Monday, March 10, 2014
THE TOPIC OF climate change is heating up again, even though the Earth isn't. The fifth report from the U.N. International Panel on Climate Change is due next week.
However, what is said to be a copy of its "Summary for Policy-Makers," which is not itself a scientific document (and has been called a political one for past conclusions that varied from the official document), contains significant changes from previous versions.
The British newspaper The Mail on Sunday said it had a leaked copy of the report. According the summary, the report's authors:
* "Make the extraordinary concession that the world has been warming at only just over half the rate claimed by the IPCC in its last assessment, published in 2007."
That version claimed the planet was warming at a rate of 0.2 degrees Celsius every decade, corresponding with the forecasts made by computer climate models. "But the new report says the true figure since 1951 has been only 0.12C per decade -- a rate far below even the lowest computer prediction," the paper said.
* Recognize that "the global warming 'pause' last year, first reported by The Mail on Sunday, is real -- and concede that their computer models did not predict it. They cannot explain, however, why world average temperatures have not shown any statistically significant increase since 1997."
* "Admit that large parts of the world were as warm as they are now for decades at a time between 950 and 1250 A.D. ... when the population and CO2 levels were both much lower."

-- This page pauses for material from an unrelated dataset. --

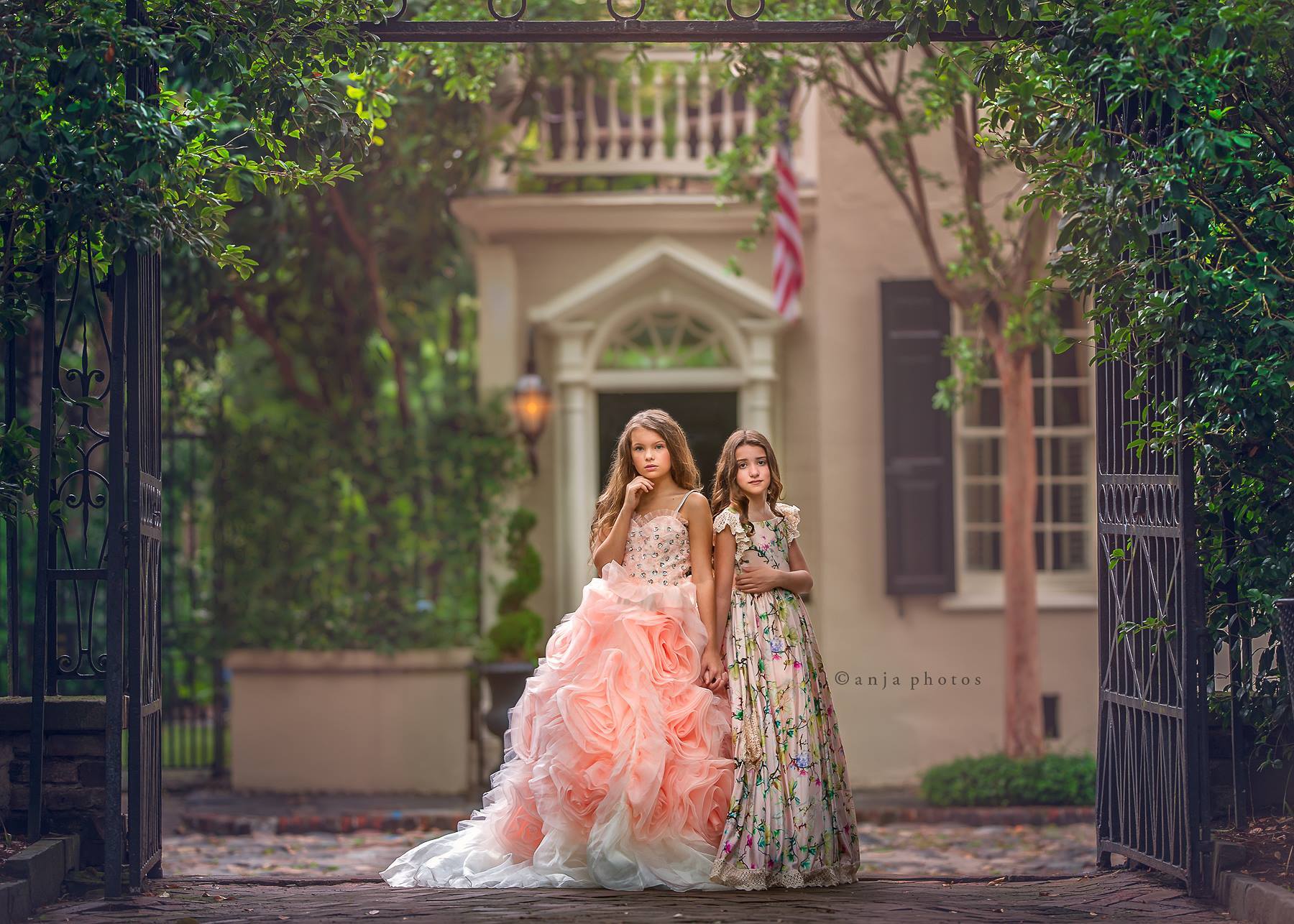 2019 Crystal Girls Pageant Dresses Spaghetti Lace Ruffles Tiered Skirts Luxury Flower Girls Dress Birthday Wear A Line Kids Wedding Gowns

* "Admit that while computer models forecast a decline in Antarctic sea ice, it has actually grown to a new record high. Again, the IPCC cannot say why."
* And the authors "simply dropped, without mention," a 2007 prediction that hurricanes would become more intense. "This year has been one of the quietest hurricane seasons in history, and the U.S. is currently enjoying its longest-ever period -- almost eight years -- without a single hurricane of Category 3 or above making landfall."
Despite all that, the newspaper reported, the summary says that the IPCC's claim that human action is responsible for more than half of recently observed warming (roughly from the late 1970s to the mid-1990s) has increased in confidence from 90 percent to 95 percent.
Some scientists don't agree. The paper quoted one of the report's own authors, Professor Myles Allen, director of Oxford University's Climate Research Network, as saying that "this should be the last IPCC assessment." He accused its "cumbersome production process of 'misrepresenting how science works.'"
Changes still can be made before the report's final release. Nonetheless, these revelations are important, as are other recent developments:
* If warming stays at the average level predicted in the new report, the net effect will be beneficial, a Wall Street Journal columnist contended Sept. 14.
Matt Ridley said, "Most experts believe that warming of less than 2 degrees Celsius from preindustrial levels will result in no net economic and ecological damage. Therefore ... there is a better than 50-50 chance that by 2083, the benefits of climate change (longer growing seasons, faster-growing crops, fewer deaths from cold weather) will still outweigh the harm."
* A separate report recently contended that "97 percent of scientists agree" that warming is caused by humans. Prominent skeptical scientists, however, call that misleading, because nearly all of them agree that some of it is, even though they dispute its extent and predicted catastrophic effects.
* Despite earlier BBC predictions that summer Arctic sea ice could "disappear by 2013," this year "a chilly Arctic summer has left nearly a million more square miles of ocean covered with ice than at the same time last year -- an increase of 60 percent," the Mail reported on Sept. 7.
That is still below the post-1981 average, but it proves climate predictions aren't infallible. Indeed, total sea ice worldwide is now at a record high.
* The journal Nature Climate Change said this month that "99 percent" of 117 climate predictions made in the 1990s overestimated real warming. "On average, the predictions forecasted two times more global warming than actually occurred," Fox News reported on Sept. 12.
* Finally, last week Australians overwhelming elected a conservative prime minister who promised to overturn expensive carbon controls, including an existing "cap-and-trade" law there that is similar to a proposal pushed by U.S. liberals.
Tony Abbot, the new leader Down Under, joins a new conservative leader in Norway in wanting to rein in the excesses of theorists who burden taxpayers with skyrocketing transportation and electricity costs, which have created "fuel poverty" for low-income consumers in Britain and Germany, among other nations.